1. Create a What-if Tool visualization
2. What-if Tool exploration using the XGBoost Model
 
 
## Introduction 

This notebook shows how to use the [What-if Tool (WIT)](https://pair-code.github.io/what-if-tool/) on a deployed [Cloud AI Platform](https://cloud.google.com/ai-platform/) model. The What-If Tool provides an easy-to-use interface for expanding understanding of black-box classification and regression ML models. With the plugin, you can perform inference on a large set of examples and immediately visualize the results in a variety of ways. Additionally, examples can be edited manually or programmatically and re-run through the model in order to see the results of the changes. It contains tooling for investigating model performance and fairness over subsets of a dataset.  The purpose of the tool is to give people a simple, intuitive, and powerful way to explore and investigate trained ML models through a visual interface with absolutely no code required.

[Extreme Gradient Boosting (XGBoost)](https://xgboost.ai/) is a decision-tree-based ensemble Machine Learning algorithm that uses a gradient boosting framework. In prediction problems involving unstructured data (images, text, etc.) artificial neural networks tend to outperform all other algorithms or frameworks. However, when it comes to small-to-medium structured/tabular data, decision tree based algorithms are considered best-in-class right now. Please see the chart below for the evolution of tree-based algorithms over the years.

*You don't need your own cloud project* to run this notebook. 

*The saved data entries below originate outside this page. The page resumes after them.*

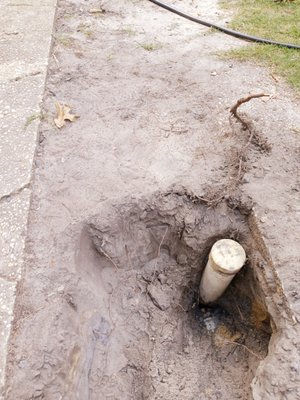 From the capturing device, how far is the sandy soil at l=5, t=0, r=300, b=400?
2.12 meters

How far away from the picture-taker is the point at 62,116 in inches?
124

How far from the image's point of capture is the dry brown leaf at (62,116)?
3.10 metres

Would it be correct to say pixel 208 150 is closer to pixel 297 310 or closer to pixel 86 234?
pixel 86 234

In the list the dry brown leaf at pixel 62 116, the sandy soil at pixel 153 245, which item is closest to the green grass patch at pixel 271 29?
the sandy soil at pixel 153 245

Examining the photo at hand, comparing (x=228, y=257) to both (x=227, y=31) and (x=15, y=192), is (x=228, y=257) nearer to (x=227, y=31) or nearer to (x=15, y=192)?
(x=15, y=192)

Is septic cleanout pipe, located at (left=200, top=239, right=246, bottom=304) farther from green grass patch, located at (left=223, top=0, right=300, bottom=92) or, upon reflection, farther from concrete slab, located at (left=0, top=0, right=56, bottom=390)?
green grass patch, located at (left=223, top=0, right=300, bottom=92)

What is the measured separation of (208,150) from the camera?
118 inches

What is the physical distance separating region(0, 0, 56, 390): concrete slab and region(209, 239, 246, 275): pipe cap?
1.28 meters

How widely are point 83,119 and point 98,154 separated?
1.56ft

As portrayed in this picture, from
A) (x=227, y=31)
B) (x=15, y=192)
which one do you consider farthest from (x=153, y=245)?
(x=227, y=31)

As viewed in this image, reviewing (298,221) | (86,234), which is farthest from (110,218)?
(298,221)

** UPDATE LINK BEFORE PRODUCTION **:  Each learning objective will correspond to a __#TODO__ in the [student lab notebook](https://github.com/GoogleCloudPlatform/training-data-analyst/blob/gwendolyn-dev/courses/machine_learning/deepdive2/ml_on_gc/what_if_mortgage.ipynb)) -- try to complete that notebook first before reviewing this solution notebook.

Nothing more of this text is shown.